I recommend "short int" and "unsigned short int" if you need symmetric names, with "byte" as a synonym for "unsigned short int". Or alternatively, "tinyint" and "unsigned tinyint".
Comment 4 Kenneth Russell 2012-04-03 22:11:41 UTC
short and unsigned short already exist in Web IDL and map to C's int16 / uint16. Those typedefs are also needed for the typed array spec and likely elsewhere.

"tiny" / "tiny int" and unsigned variants could work. Not sure about the potential for namespace collisions with existing code.

Changing byte to be an unsigned type has downsides. It requires updating all existing HTML5 specs which refer to that type, and would imply introducing a "signed byte" type which is again asymmetric with how the other integer types in Web IDL behave.
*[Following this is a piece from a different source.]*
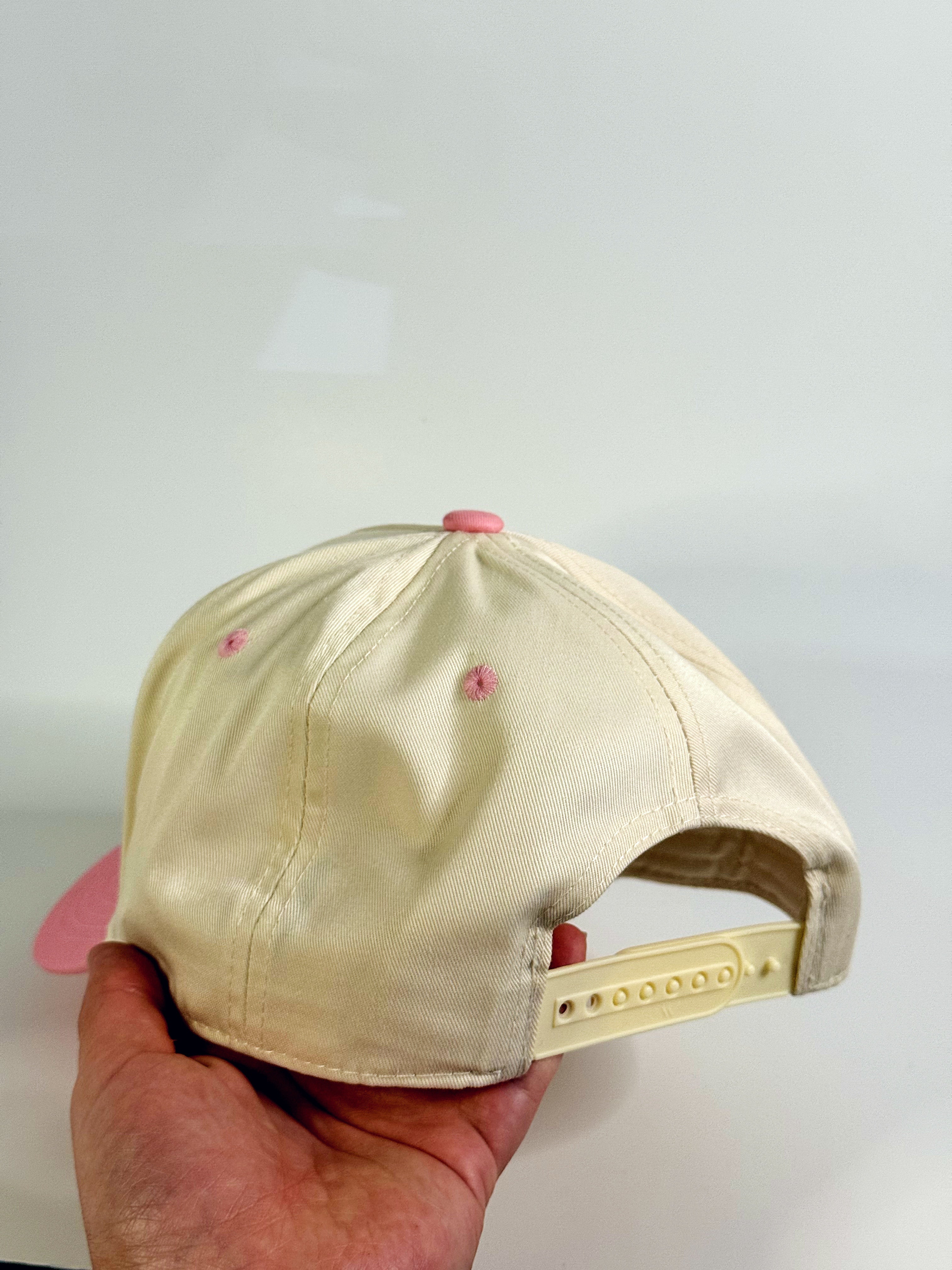 Beige cap with pink visor held by a hand against a light gray background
I would still prefer "byte" and "unsigned byte", but would also prefer the pair of types "signed byte" and "byte" over introducing a new "tiny" concept.
Comment 5 Anne 2012-04-04 07:34:33 UTC
How many specifications are we talking about here? I cannot find usage of this within HTML itself for instance. We could also name the type "short short", just like we have "long long" for longer than long, "short short" could be shorter than short.
Comment 6 Marcos Caceres 2012-04-04 19:20:48 UTC
I still think if we go down this route we should just be allowed to define custom ranges (e.g., percent [0-100], angle [0-360], richter[0-10.0], etc.)
Comment 7 John Thomas 2012-04-05 00:02:03 UTC
Nice context for byte vs octet - http://www.tcpipguide.com/free/t_BinaryInformationandRepresentationBitsBytesNibbles-3.htm

Careful with "short int" and "unsigned short int" as octet I believe generally (though w/ basic data type lengths you can never be sure) maps to C/C++ signed/unsigned char != signed/unsigned int


Ultimately, even though you might confuse byte with short with octet, you will rarely confuse octet with something that is not 8-bits long.

Also, with octet - it's not about range, it's about storage size, although if an octet's unsigned (which I think it has to be), it should go from 0-255
Comment 8 Cameron McCormack 2012-04-06 01:47:18 UTC
Bits, bytes, words and longs, how many were going to St Ives?

octet came from OMG IDL, where it already meant an unsigned 8 bit integer type.  When we needed to introduce a signed type, because OMG IDL didn't have one, I used byte because Java's byte type is signed, rather than introduce "signed octet".

I agree the current names are a bit sucky, though.  But I'm not really in favour of introducing synonyms.  Seeing different names for the same concept in different specs, depending on the style preferences of the author, will be confusing.

I think there are sufficiently few specs using byte that updating them if we decide to change the names will be easy enough.  (It might even just be WebGL and the Typed Arrays spec.)

If people think the status quo is unacceptable, then I think my next preference would be to have "byte" and "signed byte", or "octet" and "signed octet".  The former looks and sounds nicer, but the latter more strongly feels like something unsigned to me.  (And true enough maybe technically a byte doesn't imply 8 bits necessarily, but I don't think it's a real enough concern.)
Comment 9 Anne 2012-04-06 06:40:38 UTC
byte and signed byte works. E.g. http://dvcs.w3.org/hg/encoding/raw-file/tip/Overview.html and HTML and many other specifications always talk about bytes in the unsigned sense. I think it would make sense if we did that consistently throughout the platform standards.
Comment 10 Cameron McCormack 2013-06-17 01:14:08 UTC
I don't think it's worth changing at this point.